WHAT TO PRODUCE: Going from the line that contains "ItssAsus's profile picture." through the last line of the records, set down each line again exactly, both included, with pictures left out.

MATERIAL TO PROCESS below:

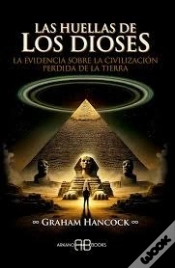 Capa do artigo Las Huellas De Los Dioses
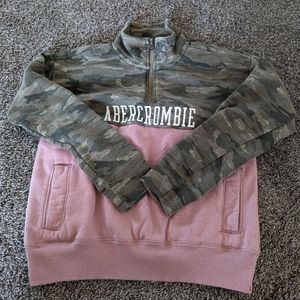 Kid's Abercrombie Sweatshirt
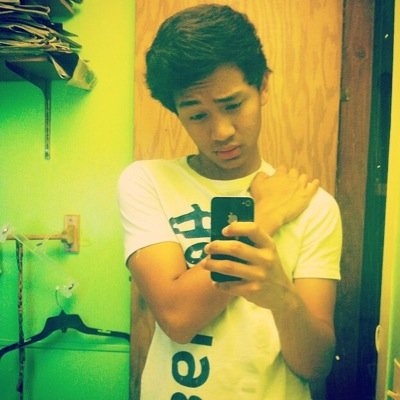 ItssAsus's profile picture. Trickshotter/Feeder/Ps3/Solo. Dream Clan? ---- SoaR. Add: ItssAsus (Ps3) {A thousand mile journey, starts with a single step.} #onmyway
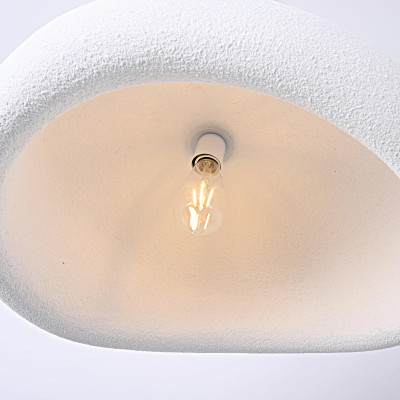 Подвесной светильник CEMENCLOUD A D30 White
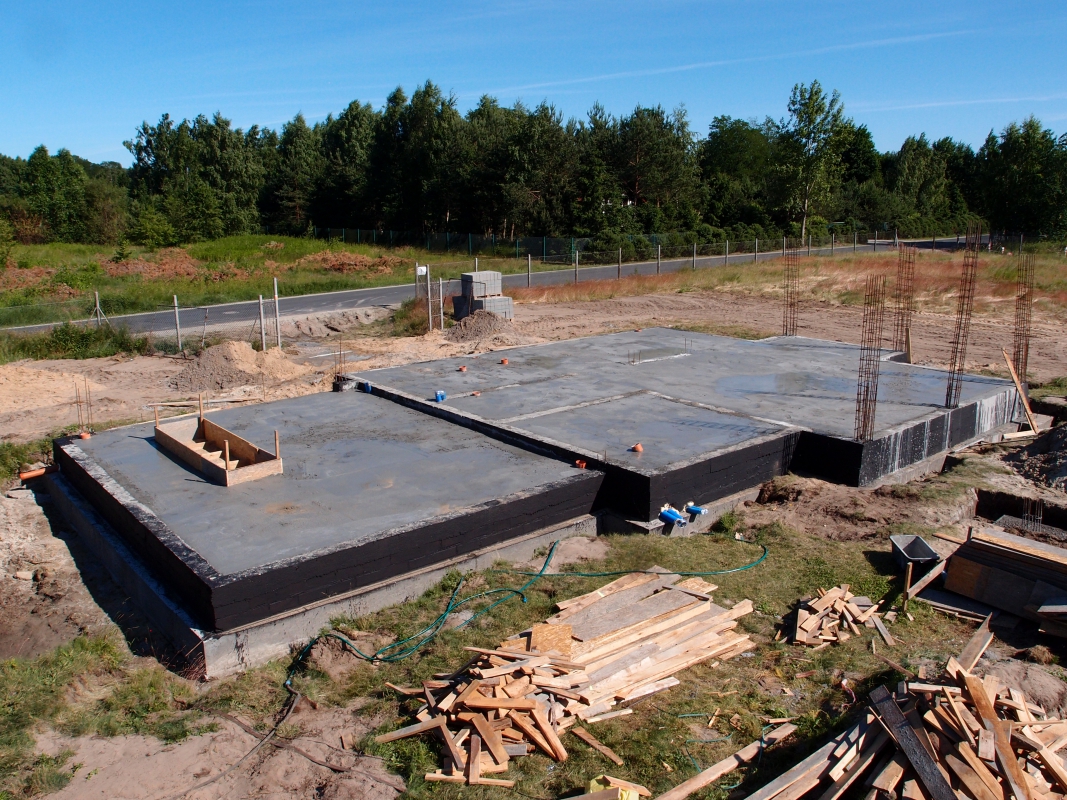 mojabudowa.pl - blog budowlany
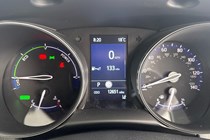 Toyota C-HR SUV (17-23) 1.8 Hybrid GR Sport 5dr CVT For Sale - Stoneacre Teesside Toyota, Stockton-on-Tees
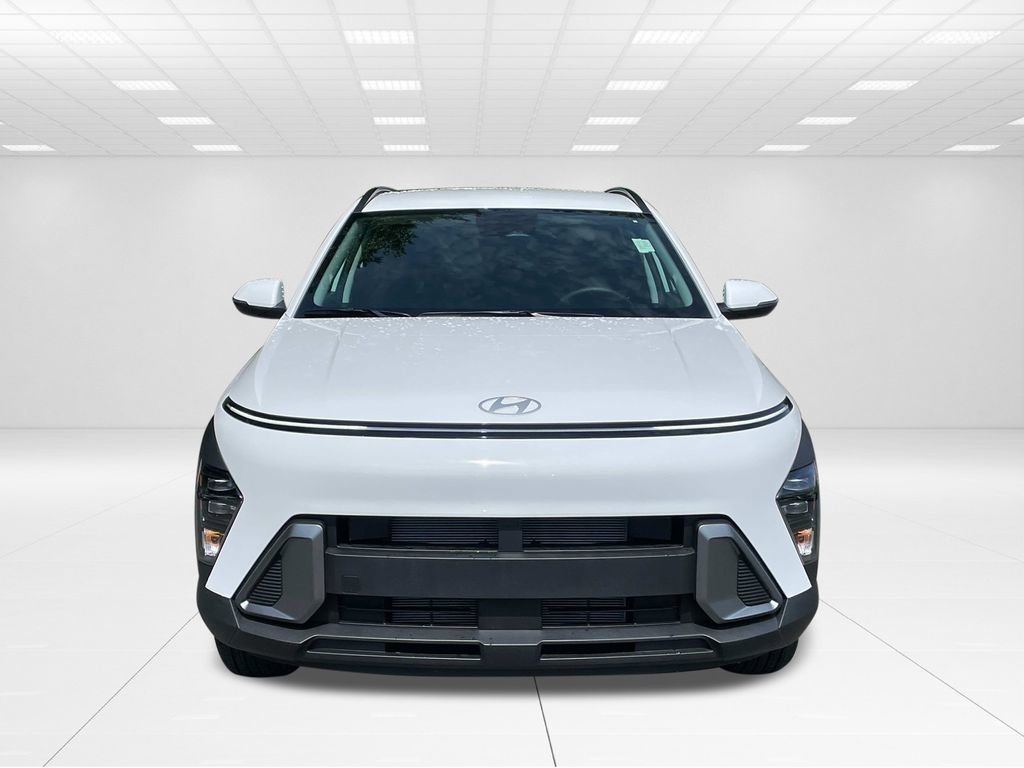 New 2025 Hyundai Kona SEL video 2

End of MATERIAL TO PROCESS.

SOLUTION FOR THIS PROBLEM:
 ItssAsus's profile picture. Trickshotter/Feeder/Ps3/Solo. Dream Clan? ---- SoaR. Add: ItssAsus (Ps3) {A thousand mile journey, starts with a single step.} #onmyway
 Подвесной светильник CEMENCLOUD A D30 White
 mojabudowa.pl - blog budowlany
 Toyota C-HR SUV (17-23) 1.8 Hybrid GR Sport 5dr CVT For Sale - Stoneacre Teesside Toyota, Stockton-on-Tees
 New 2025 Hyundai Kona SEL video 2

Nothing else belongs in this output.